Del “cásate ya” y del “cómo ser la novia perfecta” pasamos a su versión invertida: “sigue soltera para ser poderosa”. Pero esa dicotomía replica el mismo esquema de siempre:

Antes: “una mujer sola está incompleta”.

Ahora: “una mujer que desea afecto está retrocediendo”.

La narrativa cambia, sí, pero continúa siendo un mandato externo sobre nuestros afectos.

El amor romántico patriarcal nos ha atravesado: lo hemos teorizado, politizado y cuestionado para situar la libertad de decisión y la agencia de las mujeres en el centro.

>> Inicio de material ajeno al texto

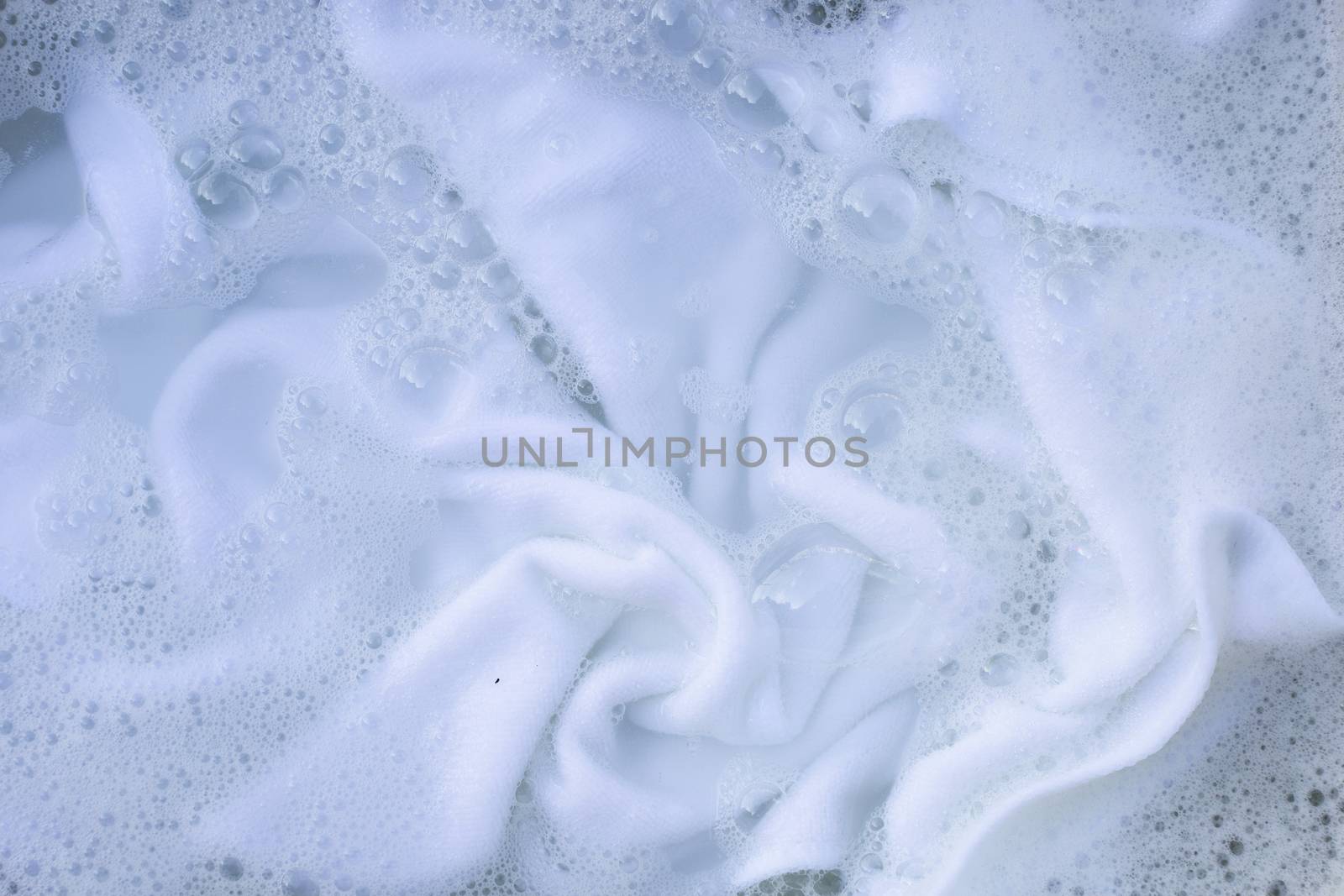 Soak a cloth before washing, white cloth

Pero de ahí a negar la posibilidad del afecto en un mundo que celebra el desapego y el individualismo hay una distancia enorme que debemos problematizar.

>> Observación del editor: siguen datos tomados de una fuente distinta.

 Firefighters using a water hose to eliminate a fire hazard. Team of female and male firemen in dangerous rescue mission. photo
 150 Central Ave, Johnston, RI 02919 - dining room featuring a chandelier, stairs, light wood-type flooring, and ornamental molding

El amor, la emoción, la ternura y el cuidado no son señales de debilidad. Son actos políticos que los feminismos han puesto en el centro desde hace años. Nos toca resignificarlos para construir vínculos más justos, más equitativos y más seguros.

No negamos que reivindicar la soltería y la independencia sean transformaciones profundas en la vida de muchas mujeres: habilitan decisiones propias, permite escucharnos desde otro lugar y habitar una existencia que no gire únicamente alrededor del amor romántico. Pero esa descentralización de los afectos no es una identidad totalizante.

La soltería no debe convertirse en un nuevo mandato, en la única vía legítima para “empoderarnos”. 

Sí, puede ser liberador elegir no tener pareja. Pero también puede ser igual de liberador decir sin vergüenza: “Quiero una vida mía, pero también quiero a alguien con quien compartirla".

La agencia implica elección. Y la libertad implica posibilidades, no seguir obedeciendo mandatos externos.

Al final, el poder está en decidir, no en performar una autonomía impuesta. Porque la autonomía no está peleada con el deseo.

Y la libertad no es —ni debería ser— un escudo contra el afecto.